Aim of the task » This task calls for the lines below starting at the one containing "Price Gap Between" and ending at the one containing "Products: Concrete Bird", repeated exactly with both ends kept and pictures left out.

Extracted entries »
· · · · · · ·
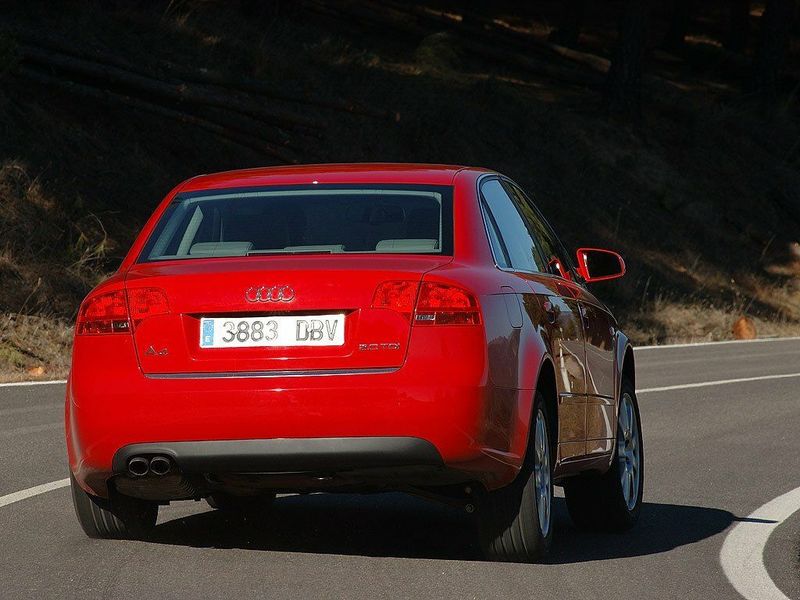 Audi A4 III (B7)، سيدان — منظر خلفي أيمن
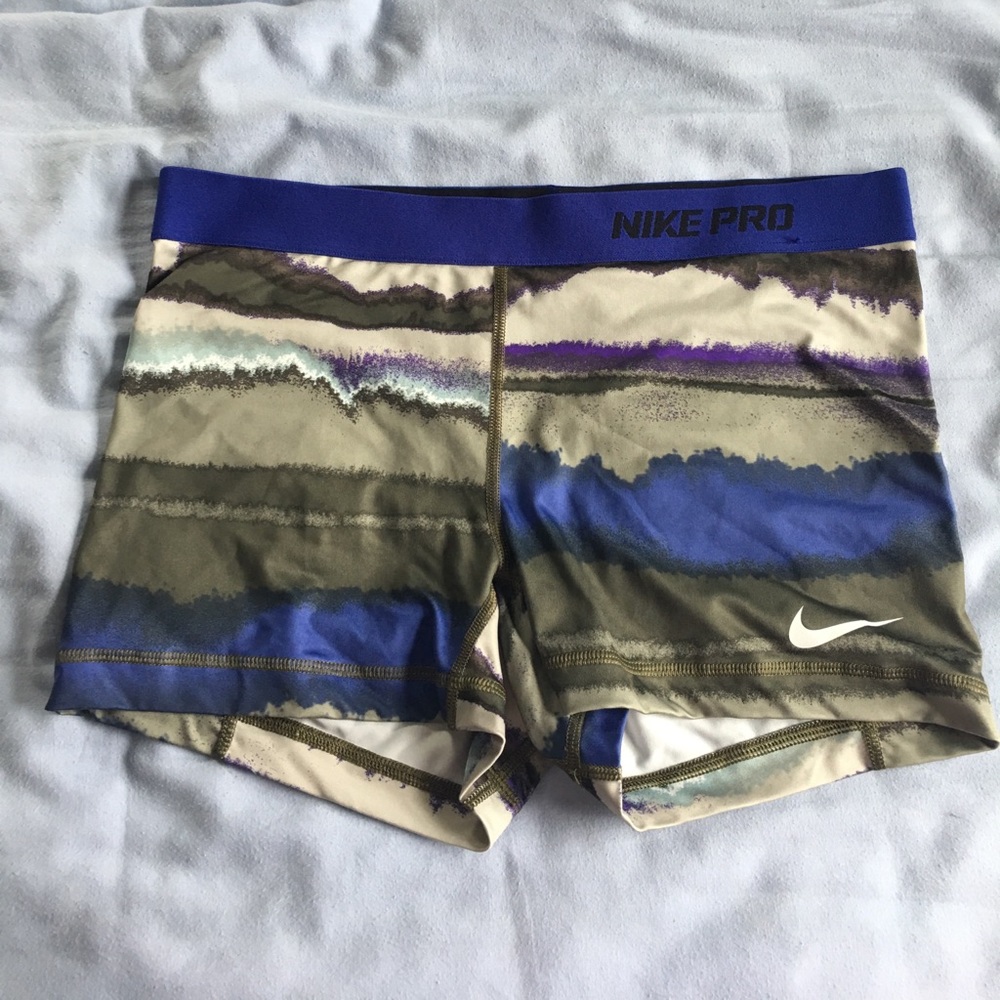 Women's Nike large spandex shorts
· · · · · · ·
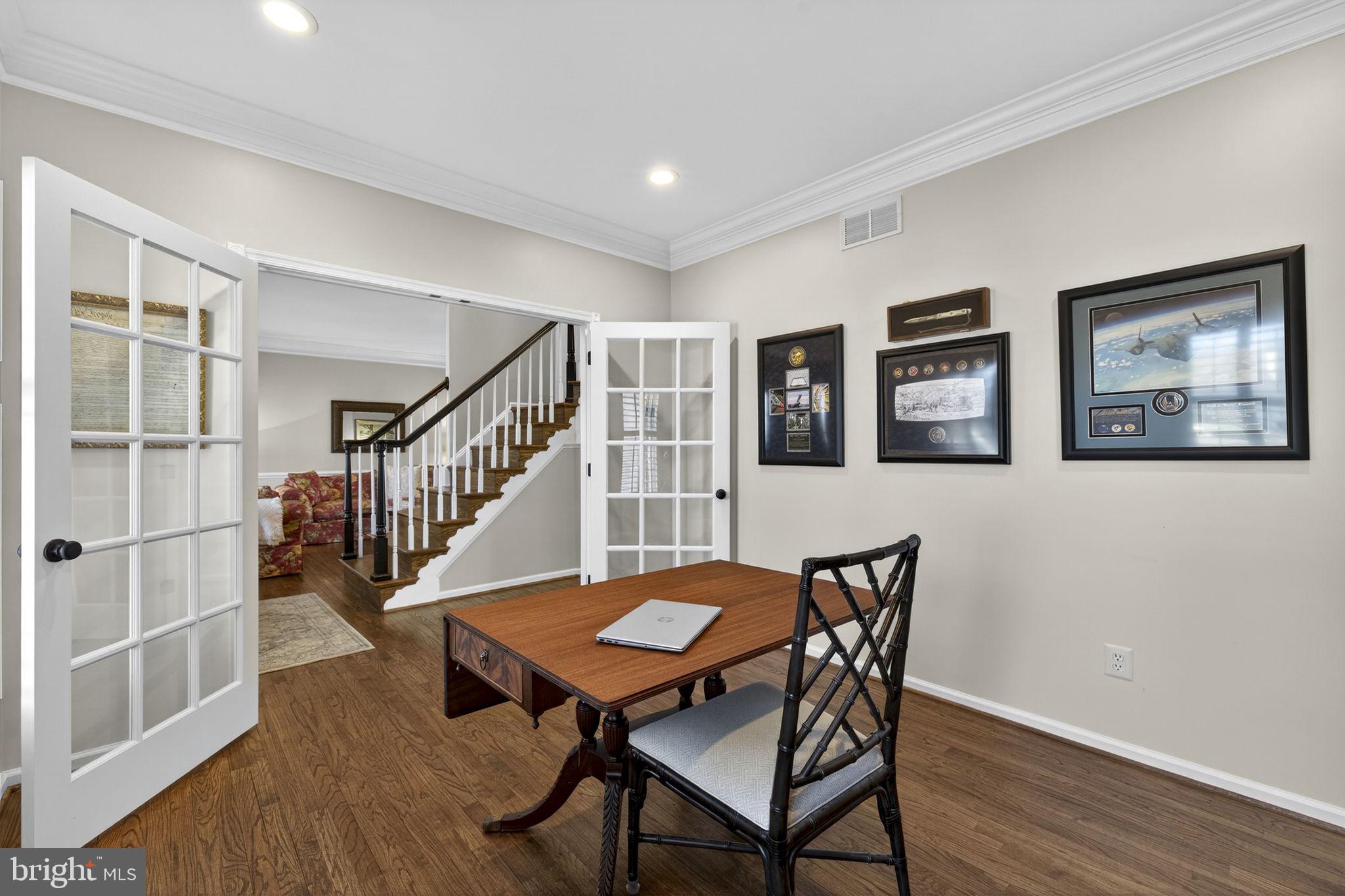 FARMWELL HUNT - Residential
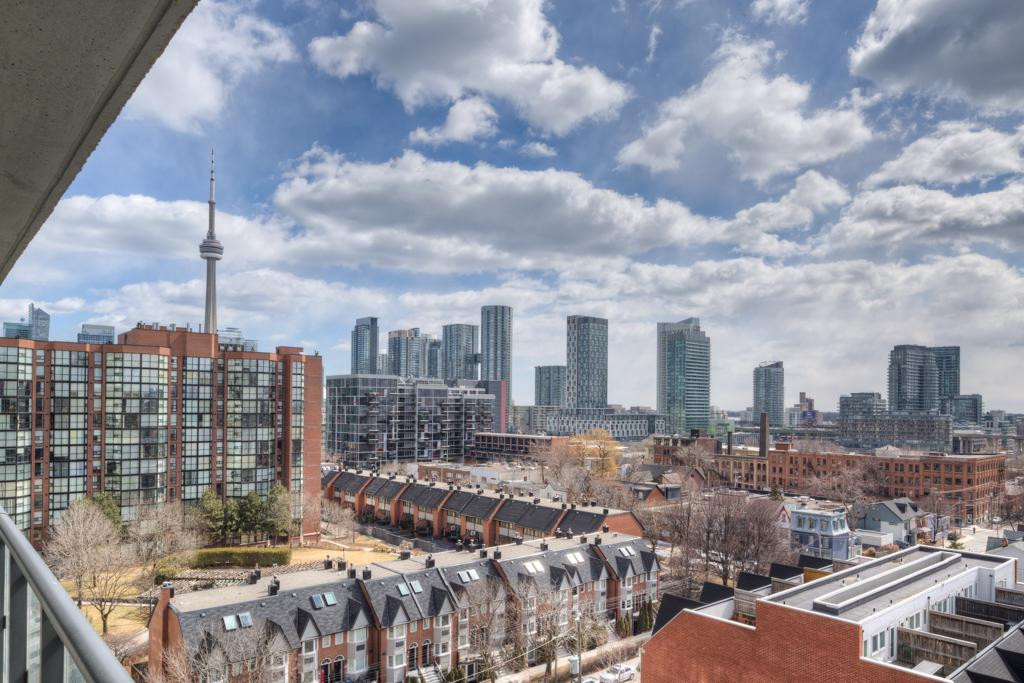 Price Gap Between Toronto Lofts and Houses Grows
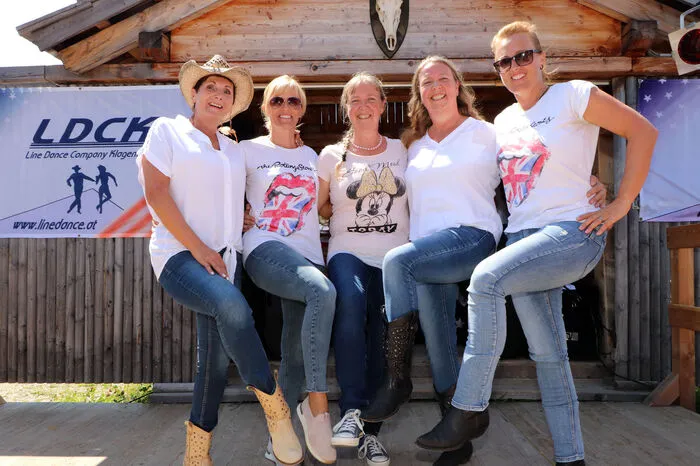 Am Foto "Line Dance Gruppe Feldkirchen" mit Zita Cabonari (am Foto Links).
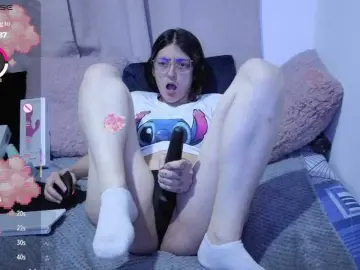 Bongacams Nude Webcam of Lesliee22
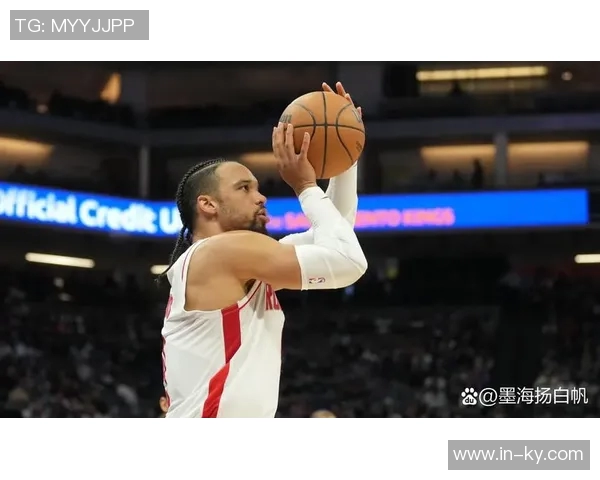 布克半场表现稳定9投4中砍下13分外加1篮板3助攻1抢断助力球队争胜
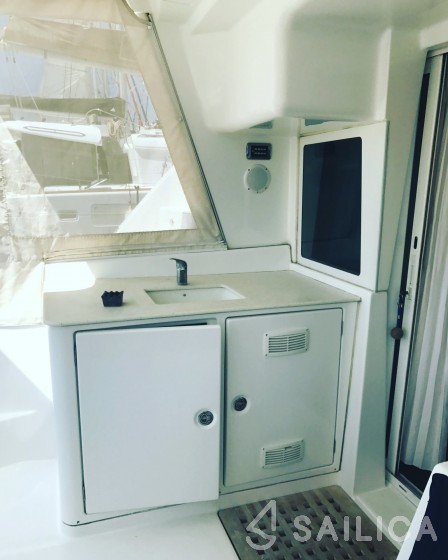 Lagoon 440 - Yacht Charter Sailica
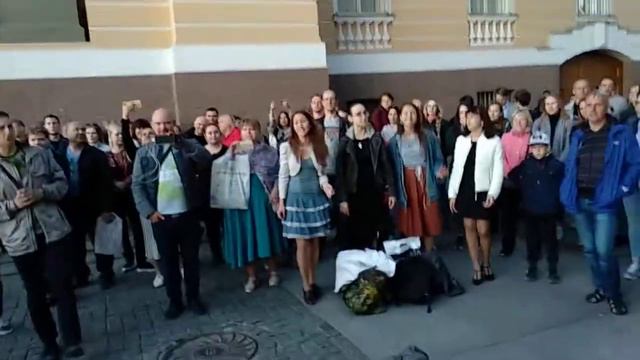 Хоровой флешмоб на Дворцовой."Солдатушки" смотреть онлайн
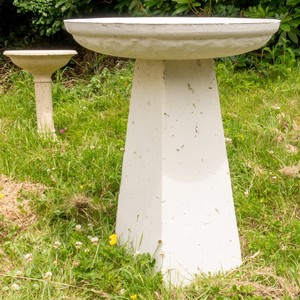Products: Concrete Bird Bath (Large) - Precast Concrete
· · · · · · ·
Answer to this task »
 Price Gap Between Toronto Lofts and Houses Grows
 Am Foto "Line Dance Gruppe Feldkirchen" mit Zita Cabonari (am Foto Links).
 Bongacams Nude Webcam of Lesliee22
 布克半场表现稳定9投4中砍下13分外加1篮板3助攻1抢断助力球队争胜
 Lagoon 440 - Yacht Charter Sailica
 Хоровой флешмоб на Дворцовой."Солдатушки" смотреть онлайн
Products: Concrete Bird Bath (Large) - Precast Concrete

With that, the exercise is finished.